Die Müggelheimer gehörten der reformierten Kirche an, sie wurden von Geistlichen der Schlosskirche Köpenick betreut. Doch der Weg dorthin war beschwerlich, es gab noch keine feste Straße, so blieben die Müggelheimer in den ersten 150 Jahren ziemlich abgeschlossen für sich, pflegten ihre heimatliche, fränkische Sprache und Tracht. Da nur in Müggelheim geborene und ansässige Männer laut Vertrag vom Wehrdienst befreit waren, zogen diese auch selten aus dem Ort, man heiratete untereinander und die Zahl der Einwohner betrug ziemlich konstant um 160. 

Die moderne Zeit hielt mit dem Bau der Chaussee im Jahre 1896 Einzug und mit dem besseren Zugang eroberten nach und nach Ausflügler aus Berlin das Naturgebiet, so dass sogar ab 1925 eine Buslinie eingerichtet wurde. Das Dornröschen-Dorf Müggelheim erlebte nun durch die Siedlerbewegung, durch den Bau der Behelfsheime für Ausgebombte seit 1944 und durch die Aufgabe der unrentablen Landwirtschaft  durch die Bauern, die ihr Land nun stückchenweise an Eigenheimbauer verkauften, eine ungeahnte Ausweitung. 

Ein Blick auf Müggelheim aus der Vogelperspektive bestätigt diese Aussage und gleichzeitig erinnert er an den deutlich sichtbaren alten Dorfkern, der einst unter großen Entbehrungen und Mühen von den pfälzischen Emigranten geschaffen wurde. 

Es ist ein besonderes Anliegen des Müggelheimer Heimatvereins das Andenken an Personen aus Müggelheim, die Vorbildliches geleistet haben, öffentlich zu machen und zu würdigen.
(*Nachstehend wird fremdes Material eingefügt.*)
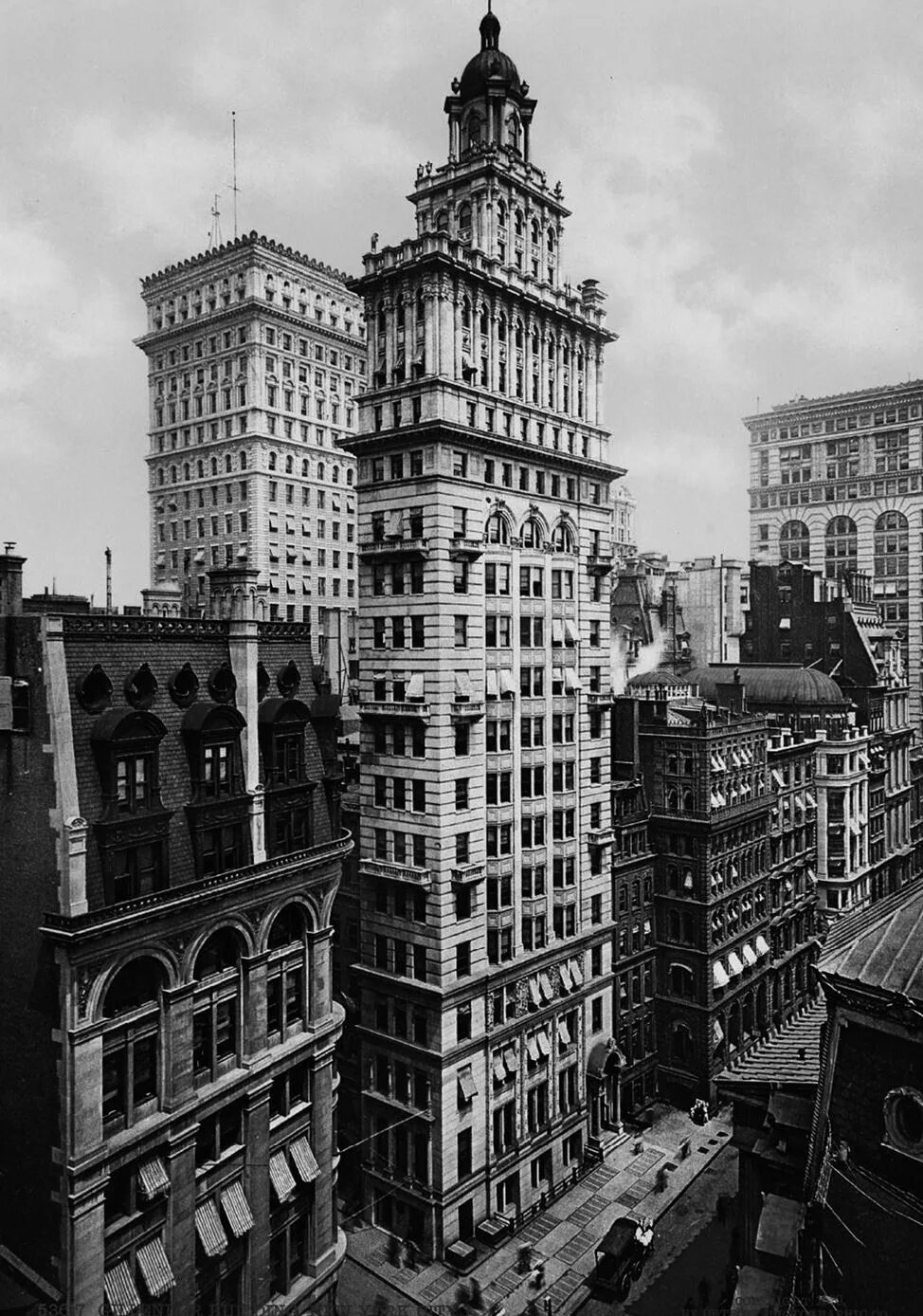 Эмпайр-стейт-билдинг нью-йорк 1930. Флэтайрон -билдинг нью йорк 1902 год. Небоскреб флэтайрон нью йорк. Эмпайр стейт билдинг в 1931 году. Старый небоскреб.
Deren stetes Ringen um neue Erkenntnisse und Erfahrungen zum Nutzen und Wohle der Allgemeinheit, macht ihr Leben und Wirken auch für die Nachlebenden so bedeutsam und interessant. 

Aus Müggelheim wären hier zum Beispiel der Bauernsohn Johann Jacob Baeyer (1794–1885) der General und Geodät wurde sowie Schöpfer der heute internationalen Organisation der Erdmessung und Begründer des Geodätischen Instituts und sein Sohn Johann Friedrich Wilhelm Adolf Ritter von Baeyer (1835–1917), der Chemiker und Nobelpreisträger wurde sowie Dr. Curt Grottewitz (1866 – 1905), Naturforscher, Schriftsteller und Begründer der deutschen Arbeiterwanderbewegung zu nennen.

Seit 1747 blieb die Verbindung zur alten Heimat Odernheim in der Pfalz erhalten und konnte sich dank der neuen Verkehrsmittel im 20. Jahrhundert verbessern. Sie blieb auch trotz der Abgrenzung in der Periode der DDR-Regierung dank der Initiative einzelner Odernheimer und Müggelheimer Bürger bestehen. Nach der Wende krönten Müggelheimer aus dem Heimatverein diese Bemühungen 2010 mit einer ersten Exkursion nach Odernheim und brachten eine Ausstellung über die Gründung des Dorfes Müggelheim nach Odernheim. 

Zum jährlichen Gründungsfest Müggelheims wurden stets Gäste aus Odernheim begrüßt, so auch zu diesem 275. Gedenk- und Festtag am 1. Juni 2022. Ein herzliches Willkommen allen Gästen und Müggelheimern in der traditionsreichen Gaststätte „Neu-Helgoland“ am Kleinen Müggelsee!